Resistance to change, fear of displacement and lack of trust in models’ outcomes are common hurdles. Even where technical capacity exists, many enterprises are wrestling with legacy systems and fragmented data environments. AI may be sexy, but the unglamorous work of data engineering and infrastructure readiness is still the prerequisite.
Enterprises are building multi-layered evaluation pipelines—automated testing, human-in-the-loop safeguards, and AI-based validation—to make probabilistic models feel deterministic. Integrating AI into existing SDLCs is no longer optional. It’s the only way to scale responsibly.
💸 Show Me the ROI - Enterprise vs Mid-martket
Economic caution is shaping AI adoption.
Budgets are tight, and the bar for “proof of value” is high.
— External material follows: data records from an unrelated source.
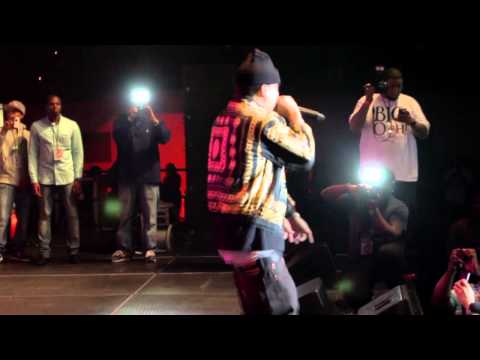 Rick Ross, French Montana, Meek Mills performing live at JamzFest Atlantic CIty 2012 pt 1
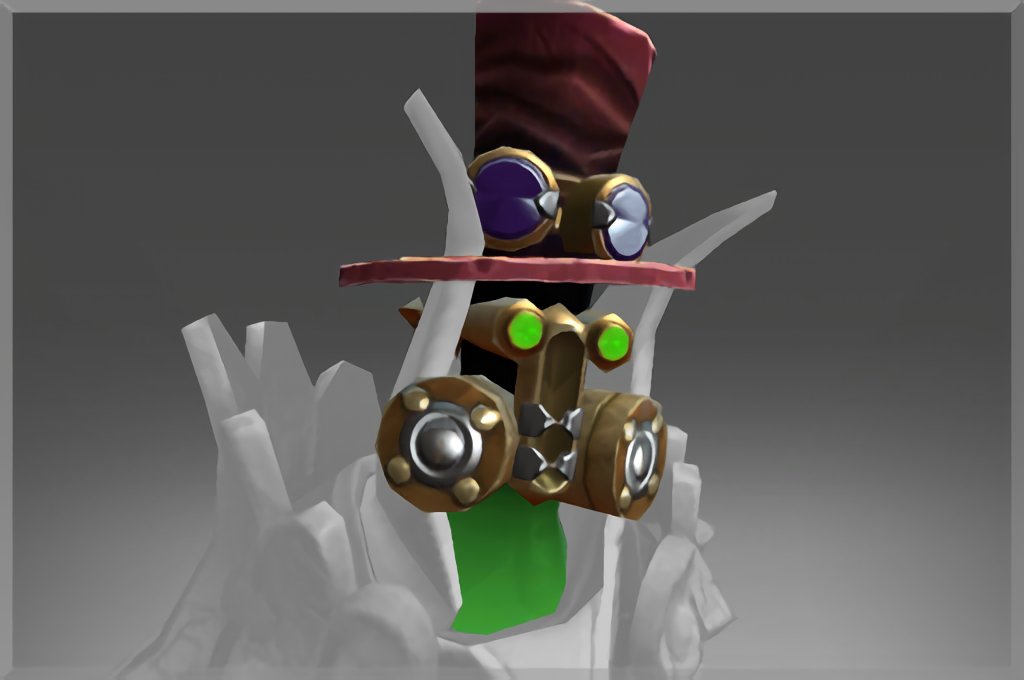 Rubick - Volatile Apothecary Head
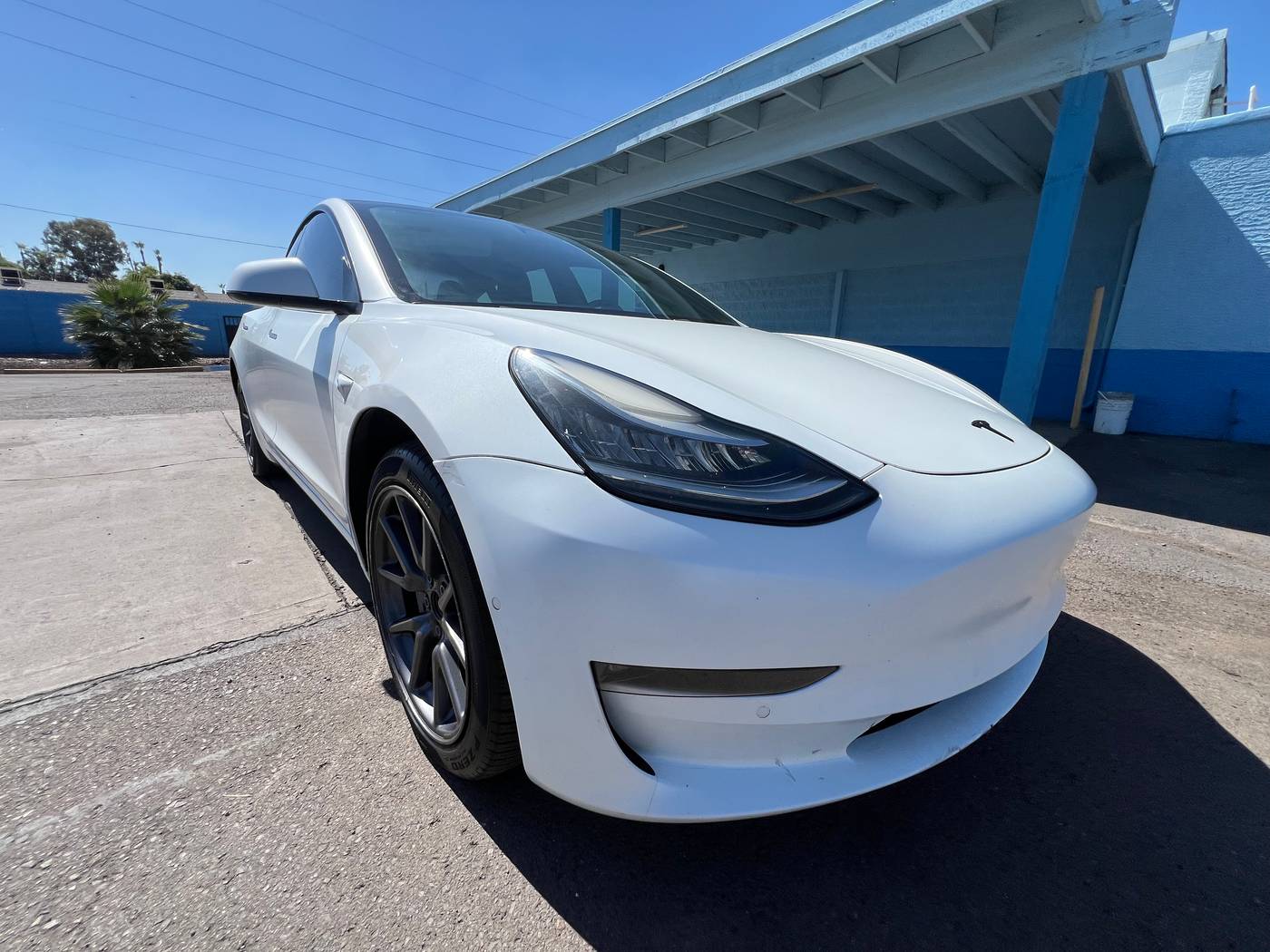 2018 Tesla Model 3 Long Range — Sedan — 126,510 mi — Glendale, AZ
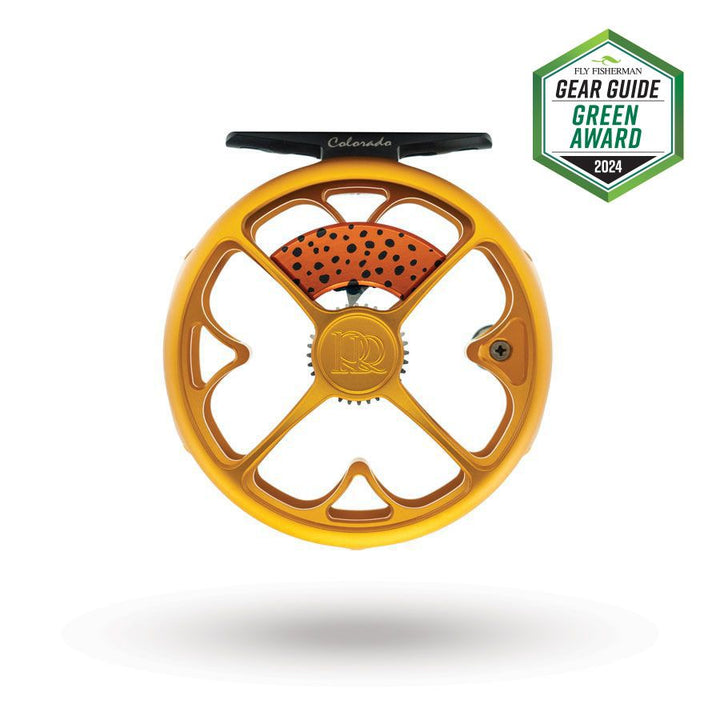 TU COLORADO CUTTHROAT<br>COLORADO REEL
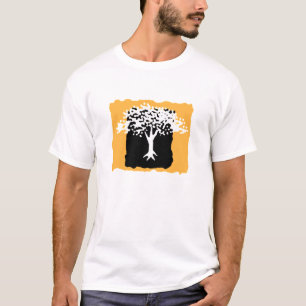 White and Gold Tree Reunion T-shirt
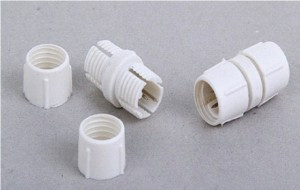 Муфта прямая д/дюралайта KOC-DL-2W13-CI, 13мм, фиксинг(2W), 10шт/уп, цена за шт, отгрузка уп. Космос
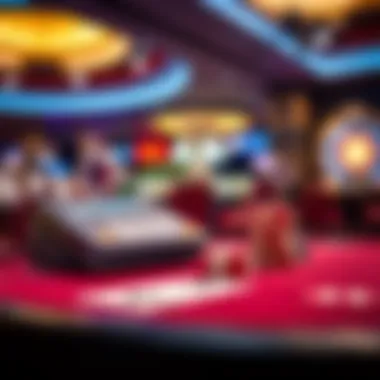 Payment Methods Available at Casinos Visual representation of various payment methods in casinos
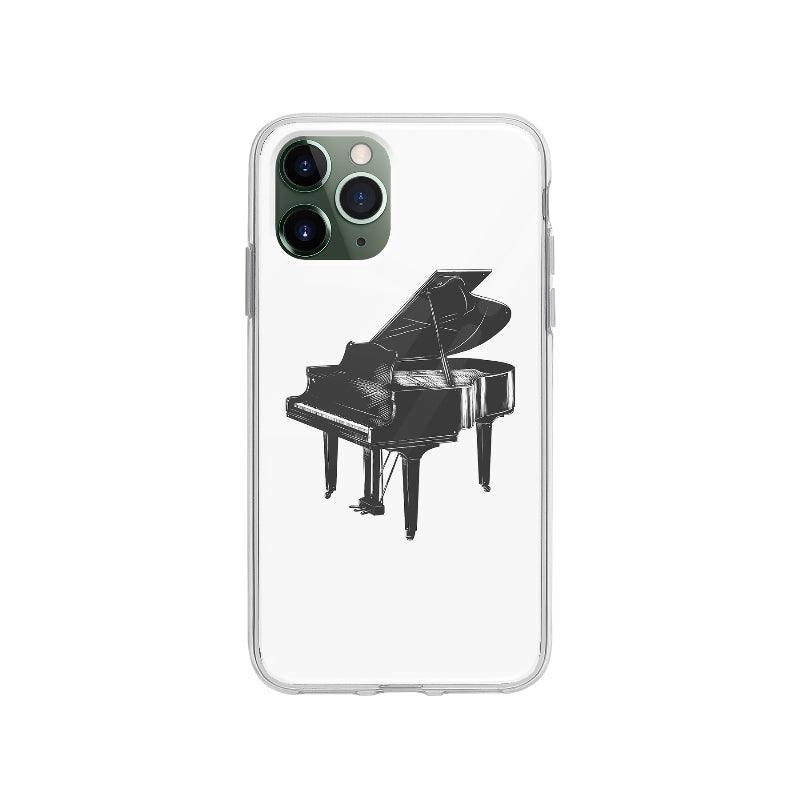 Coque Piano pour iPhone 11 Pro - Coque Wiqeo 10€-15€, Illustration, iPhone 11 Pro, Lydie T Wiqeo, Déstockeur de Coques Pour iPhone
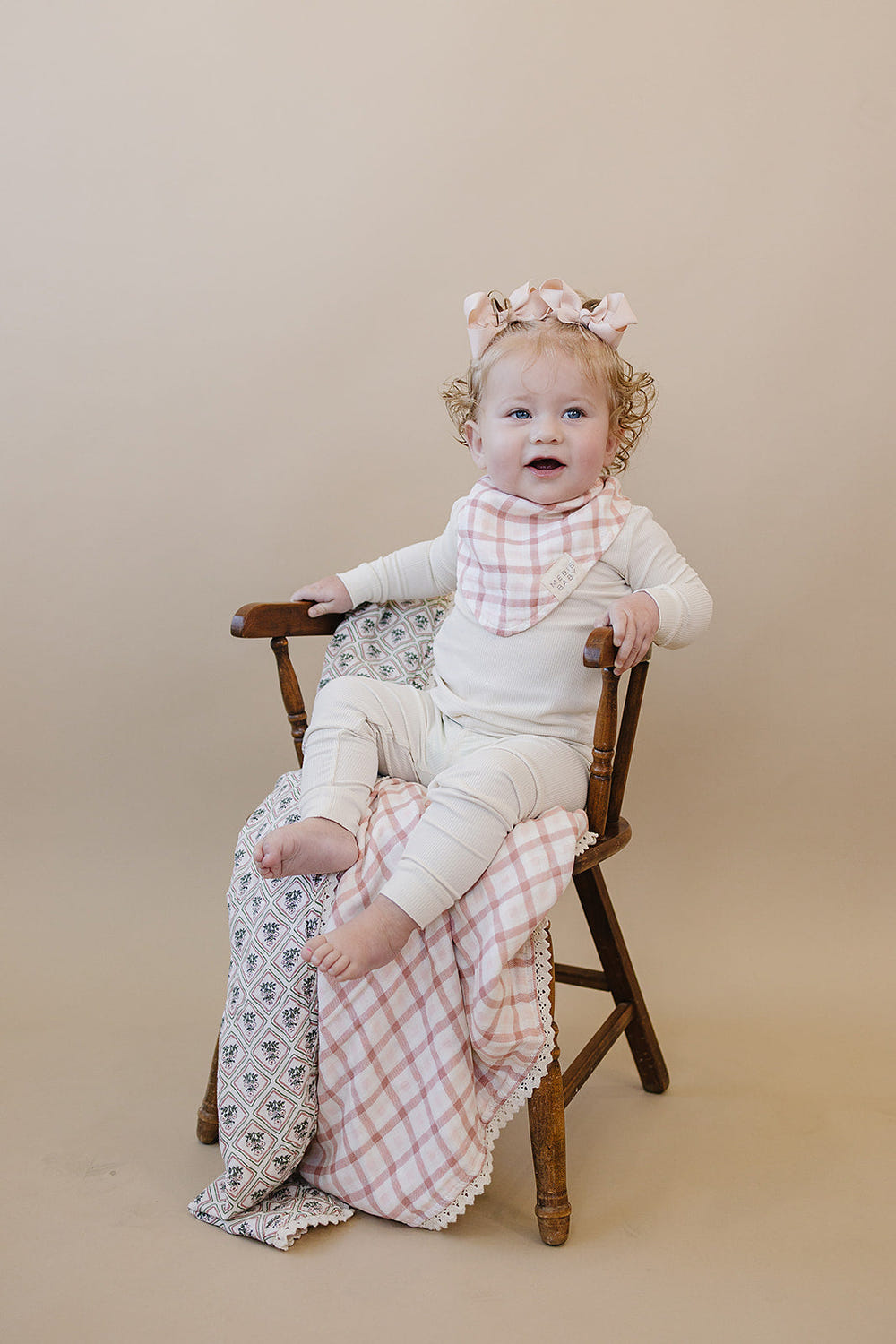 Cream Ribbed Bamboo Cozy Set - MOOGCO Baby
While consultancies and integrators are leading many enterprise AI efforts, a common complaint is that projects stall in the POC stage. The few that break through are often big-ticket, cost-saving deployments with a narrow focus on efficiency rather than innovation.
Case in point: a leading European sports commerce company estimated 1m€ real savings using AI to automate customs clearance in a few days of development —but scaling that success across the org is a different challenge. Another global FMCG leader is stuck in setting the right governance, despite clear top-line growth opportunities.
Startups are telling a different story. Without the weight of legacy systems—or legacy thinking—they’re moving fast. They’re embedding agents into user workflows, experimenting openly, and learning in real time. The difference? Alignment, agility, and a higher tolerance for risk.
🔮 Looking Ahead
The enterprise agent revolution isn’t coming tomorrow—but it’s coming.
Practitioners see the next 18–24 months as foundational. The focus now is on stabilizing data infrastructure, embedding governance, and laying the groundwork for agents to thrive. Cross-functional collaboration is emerging as a key success factor—tech, legal, ops, and product leaders must align to make AI adoption sustainable.